Millions face lower pensions next year as central bank gets tough

Millions of people face cut of up to 7% in their corporate pensions next year, as the central bank orders funds to get their finances in order.


In total, 125 funds representing some 40% of all pensioners will have to cut pay-outs because they no longer have enough assets to meet their obligations.
Central bank director Joanne Kellerman told the Financieele Dagblad pensions had never been reduced on such a scale before. ‘We want to give clarity and remove uncertainty about the size of the cuts,’ she said.
Coverage
The central bank has given the funds until the end of this year to get their coverage ratio back up to 105%. If they fail, pensions will need to be reduced.
However, the central bank has taken the ‘highly unusual’ step of altering the way it calculates how much money pension funds should have in their reserves, the Volkskrant reported on Friday.
The bank has opted to use a three-month average rather than the year-end interest rate to make the calculations.
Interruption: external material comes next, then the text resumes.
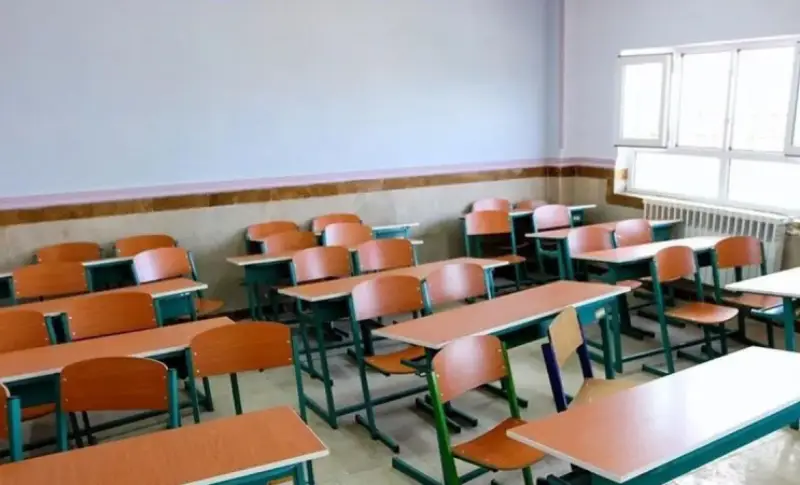 مقصر مرگ چهار دانش‌آموز فوت شده کیست؟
This is because interest rates have been extremely low for a long period. The lower the interest rate, the higher pension fund reserves need to be.
Maximum cut
In addition, the bank has opted to limit the maximum reduction to 7%. On average, pensions will be cut by 2.5%.
‘The extraordinary situation on the financial markets makes this decision necessary,’ the central bank said in a statement. ‘The aim of both measures is to reduce the uncertainty over pensions’.
The changes in calculations means that 125 funds rather than 180 will be forced to make cuts next year, unless the financial markets improve.